DATA RECORDS:

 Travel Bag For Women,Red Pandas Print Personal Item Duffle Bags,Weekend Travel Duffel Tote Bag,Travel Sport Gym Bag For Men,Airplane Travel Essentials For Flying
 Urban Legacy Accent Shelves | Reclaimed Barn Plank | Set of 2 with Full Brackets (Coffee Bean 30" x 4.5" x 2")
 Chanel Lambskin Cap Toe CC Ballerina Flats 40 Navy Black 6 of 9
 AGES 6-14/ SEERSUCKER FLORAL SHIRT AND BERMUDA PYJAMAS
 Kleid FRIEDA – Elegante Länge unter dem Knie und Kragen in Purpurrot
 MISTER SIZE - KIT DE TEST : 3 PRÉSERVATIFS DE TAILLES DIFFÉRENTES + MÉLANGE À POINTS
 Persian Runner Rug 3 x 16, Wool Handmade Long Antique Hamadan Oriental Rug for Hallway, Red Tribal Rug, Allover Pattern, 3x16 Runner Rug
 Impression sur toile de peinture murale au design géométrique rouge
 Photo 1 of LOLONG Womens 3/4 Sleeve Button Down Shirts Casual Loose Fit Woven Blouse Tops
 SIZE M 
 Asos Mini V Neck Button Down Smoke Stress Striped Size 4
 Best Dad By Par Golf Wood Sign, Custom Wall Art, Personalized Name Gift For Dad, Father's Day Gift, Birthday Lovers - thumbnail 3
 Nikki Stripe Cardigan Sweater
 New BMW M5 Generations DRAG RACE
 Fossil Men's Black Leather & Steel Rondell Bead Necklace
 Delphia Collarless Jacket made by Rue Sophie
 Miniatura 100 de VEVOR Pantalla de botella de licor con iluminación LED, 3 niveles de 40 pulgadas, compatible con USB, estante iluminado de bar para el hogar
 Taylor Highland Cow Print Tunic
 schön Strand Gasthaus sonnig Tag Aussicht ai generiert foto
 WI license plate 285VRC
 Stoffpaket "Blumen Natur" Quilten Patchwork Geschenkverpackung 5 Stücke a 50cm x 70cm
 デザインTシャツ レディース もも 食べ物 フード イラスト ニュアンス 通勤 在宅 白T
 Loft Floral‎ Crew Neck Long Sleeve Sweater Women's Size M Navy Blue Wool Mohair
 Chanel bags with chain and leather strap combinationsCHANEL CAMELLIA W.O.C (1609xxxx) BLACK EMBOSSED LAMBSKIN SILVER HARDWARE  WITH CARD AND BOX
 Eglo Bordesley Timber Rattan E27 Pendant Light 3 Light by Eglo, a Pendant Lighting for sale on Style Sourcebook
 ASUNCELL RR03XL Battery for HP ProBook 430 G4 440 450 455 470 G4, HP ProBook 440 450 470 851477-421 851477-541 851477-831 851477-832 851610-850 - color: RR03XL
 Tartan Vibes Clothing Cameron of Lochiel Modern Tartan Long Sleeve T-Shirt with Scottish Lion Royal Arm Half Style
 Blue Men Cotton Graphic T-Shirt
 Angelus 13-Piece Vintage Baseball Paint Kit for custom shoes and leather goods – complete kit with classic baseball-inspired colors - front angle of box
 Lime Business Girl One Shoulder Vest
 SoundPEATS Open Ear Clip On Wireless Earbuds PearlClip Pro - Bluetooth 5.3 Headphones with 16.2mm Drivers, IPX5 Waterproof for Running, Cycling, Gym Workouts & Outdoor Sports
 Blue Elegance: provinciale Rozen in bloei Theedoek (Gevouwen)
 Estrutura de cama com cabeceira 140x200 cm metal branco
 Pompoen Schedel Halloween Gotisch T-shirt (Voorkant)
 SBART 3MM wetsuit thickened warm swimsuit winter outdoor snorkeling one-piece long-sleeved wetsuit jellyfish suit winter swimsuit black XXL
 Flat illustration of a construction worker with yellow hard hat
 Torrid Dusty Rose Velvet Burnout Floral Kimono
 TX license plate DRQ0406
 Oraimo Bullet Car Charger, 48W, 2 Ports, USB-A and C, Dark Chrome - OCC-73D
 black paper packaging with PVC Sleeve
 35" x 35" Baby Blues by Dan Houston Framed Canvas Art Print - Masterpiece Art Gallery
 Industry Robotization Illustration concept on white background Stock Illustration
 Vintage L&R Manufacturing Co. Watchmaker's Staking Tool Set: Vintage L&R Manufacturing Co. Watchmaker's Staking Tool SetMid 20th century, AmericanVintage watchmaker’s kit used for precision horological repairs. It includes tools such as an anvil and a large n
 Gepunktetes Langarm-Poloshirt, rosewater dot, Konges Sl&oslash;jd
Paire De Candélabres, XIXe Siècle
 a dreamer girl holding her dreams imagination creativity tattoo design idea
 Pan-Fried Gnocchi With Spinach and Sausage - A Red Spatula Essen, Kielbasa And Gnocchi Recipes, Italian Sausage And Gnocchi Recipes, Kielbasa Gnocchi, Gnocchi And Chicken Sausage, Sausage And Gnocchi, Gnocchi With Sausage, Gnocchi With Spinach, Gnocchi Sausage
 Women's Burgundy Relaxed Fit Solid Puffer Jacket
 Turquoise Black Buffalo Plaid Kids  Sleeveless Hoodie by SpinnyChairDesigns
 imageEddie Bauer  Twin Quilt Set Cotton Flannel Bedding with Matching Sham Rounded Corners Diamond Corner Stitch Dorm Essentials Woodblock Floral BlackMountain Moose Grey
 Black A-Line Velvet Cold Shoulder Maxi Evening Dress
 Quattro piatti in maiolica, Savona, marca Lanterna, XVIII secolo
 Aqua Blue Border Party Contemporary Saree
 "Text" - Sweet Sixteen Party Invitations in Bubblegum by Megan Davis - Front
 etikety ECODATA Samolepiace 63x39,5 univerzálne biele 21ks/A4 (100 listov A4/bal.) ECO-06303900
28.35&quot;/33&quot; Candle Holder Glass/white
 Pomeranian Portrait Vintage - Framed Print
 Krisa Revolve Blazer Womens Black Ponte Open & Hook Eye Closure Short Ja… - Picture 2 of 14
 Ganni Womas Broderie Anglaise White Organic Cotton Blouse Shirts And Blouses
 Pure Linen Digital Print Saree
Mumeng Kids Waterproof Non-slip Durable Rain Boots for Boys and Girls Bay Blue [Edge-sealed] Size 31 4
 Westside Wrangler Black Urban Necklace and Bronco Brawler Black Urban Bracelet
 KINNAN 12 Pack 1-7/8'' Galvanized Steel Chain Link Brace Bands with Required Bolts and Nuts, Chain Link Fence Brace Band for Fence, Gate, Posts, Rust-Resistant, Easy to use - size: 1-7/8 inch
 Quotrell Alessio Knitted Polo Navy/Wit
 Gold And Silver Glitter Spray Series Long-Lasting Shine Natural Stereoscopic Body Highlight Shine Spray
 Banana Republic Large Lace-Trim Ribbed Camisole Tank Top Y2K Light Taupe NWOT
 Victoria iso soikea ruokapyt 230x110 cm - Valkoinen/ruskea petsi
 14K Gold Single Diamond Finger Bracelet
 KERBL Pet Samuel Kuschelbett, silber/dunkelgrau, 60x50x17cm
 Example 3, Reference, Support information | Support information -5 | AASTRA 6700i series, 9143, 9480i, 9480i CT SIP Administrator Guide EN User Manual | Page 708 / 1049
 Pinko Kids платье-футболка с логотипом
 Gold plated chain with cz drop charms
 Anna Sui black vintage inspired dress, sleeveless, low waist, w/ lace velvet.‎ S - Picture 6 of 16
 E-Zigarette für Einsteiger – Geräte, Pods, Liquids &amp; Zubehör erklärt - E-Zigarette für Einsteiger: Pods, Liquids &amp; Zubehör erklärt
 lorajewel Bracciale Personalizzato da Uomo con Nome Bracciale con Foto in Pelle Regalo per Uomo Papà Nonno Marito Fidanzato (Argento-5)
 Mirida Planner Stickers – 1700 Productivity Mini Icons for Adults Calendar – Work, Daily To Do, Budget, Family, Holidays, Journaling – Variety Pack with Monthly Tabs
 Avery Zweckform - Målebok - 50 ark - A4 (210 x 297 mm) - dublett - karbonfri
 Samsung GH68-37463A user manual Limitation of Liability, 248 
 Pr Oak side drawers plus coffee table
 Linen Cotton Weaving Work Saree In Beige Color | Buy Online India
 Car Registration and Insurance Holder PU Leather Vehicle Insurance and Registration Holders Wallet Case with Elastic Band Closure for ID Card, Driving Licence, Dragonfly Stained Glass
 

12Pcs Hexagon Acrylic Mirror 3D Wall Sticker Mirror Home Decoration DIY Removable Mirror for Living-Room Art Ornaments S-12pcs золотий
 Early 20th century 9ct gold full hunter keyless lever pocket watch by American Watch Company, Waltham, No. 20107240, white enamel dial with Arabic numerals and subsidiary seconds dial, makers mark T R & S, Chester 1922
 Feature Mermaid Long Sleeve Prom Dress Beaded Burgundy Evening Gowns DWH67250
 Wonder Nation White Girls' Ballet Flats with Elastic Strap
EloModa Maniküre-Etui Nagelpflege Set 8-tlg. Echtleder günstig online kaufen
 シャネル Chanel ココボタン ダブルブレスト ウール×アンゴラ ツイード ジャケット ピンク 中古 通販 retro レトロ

PROMPT:
Show all lines from the data above in which the word "Womens" appears.

EXERCISE SOLUTION:
 Photo 1 of LOLONG Womens 3/4 Sleeve Button Down Shirts Casual Loose Fit Woven Blouse Tops
 Krisa Revolve Blazer Womens Black Ponte Open & Hook Eye Closure Short Ja… - Picture 2 of 14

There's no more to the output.